Work required ::
Retype exactly what appears below from the line containing "Santa Claus doodle" down to the line containing "Sep 10, 2023;", keeping both end lines. Do not include pictures.

Supplied data START

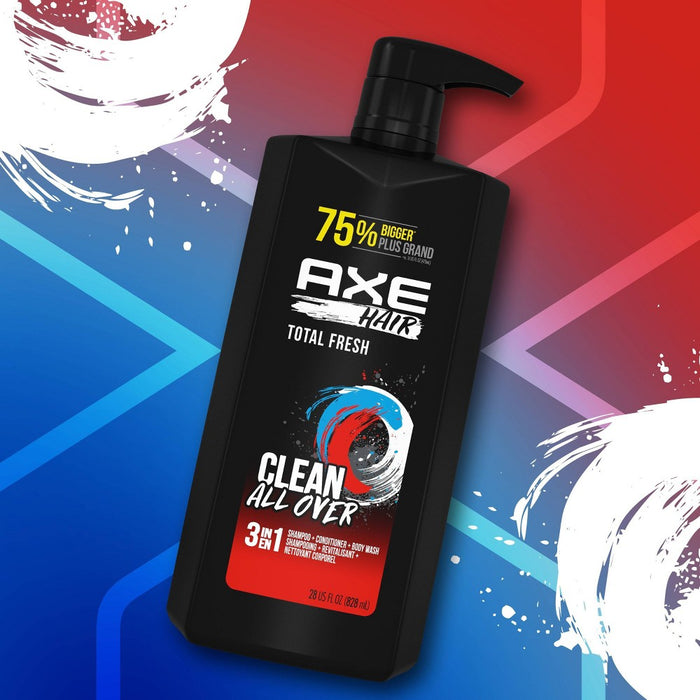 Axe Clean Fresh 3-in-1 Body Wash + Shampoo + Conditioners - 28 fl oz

Supplied data END
Supplied data START

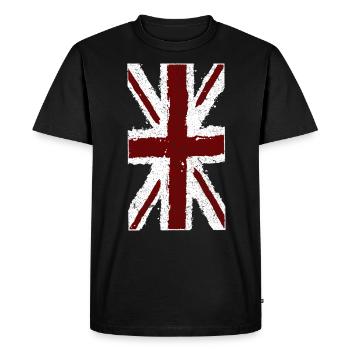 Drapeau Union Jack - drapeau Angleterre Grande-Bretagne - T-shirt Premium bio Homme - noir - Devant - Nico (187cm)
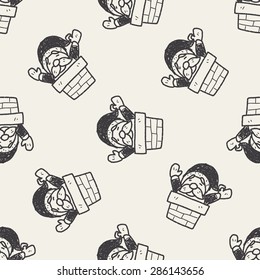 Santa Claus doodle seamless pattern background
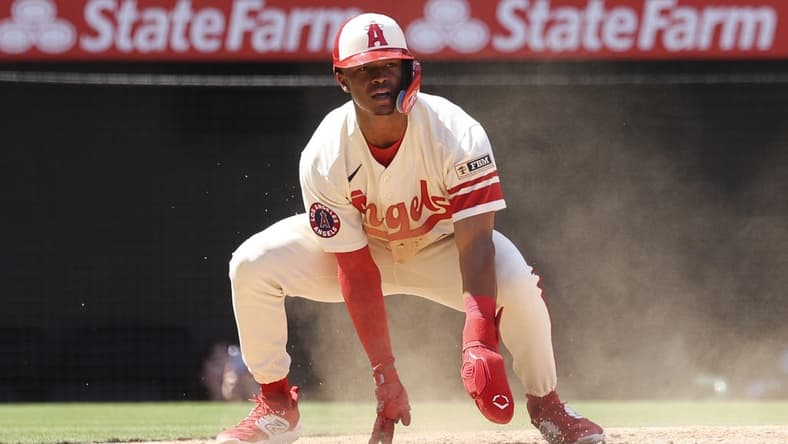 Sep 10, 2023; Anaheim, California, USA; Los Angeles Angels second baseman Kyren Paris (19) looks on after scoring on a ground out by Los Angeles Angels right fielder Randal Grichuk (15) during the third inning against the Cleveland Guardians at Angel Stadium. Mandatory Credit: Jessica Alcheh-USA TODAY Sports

Supplied data END

Finished exercise ::
 Santa Claus doodle seamless pattern background
 Sep 10, 2023; Anaheim, California, USA; Los Angeles Angels second baseman Kyren Paris (19) looks on after scoring on a ground out by Los Angeles Angels right fielder Randal Grichuk (15) during the third inning against the Cleveland Guardians at Angel Stadium. Mandatory Credit: Jessica Alcheh-USA TODAY Sports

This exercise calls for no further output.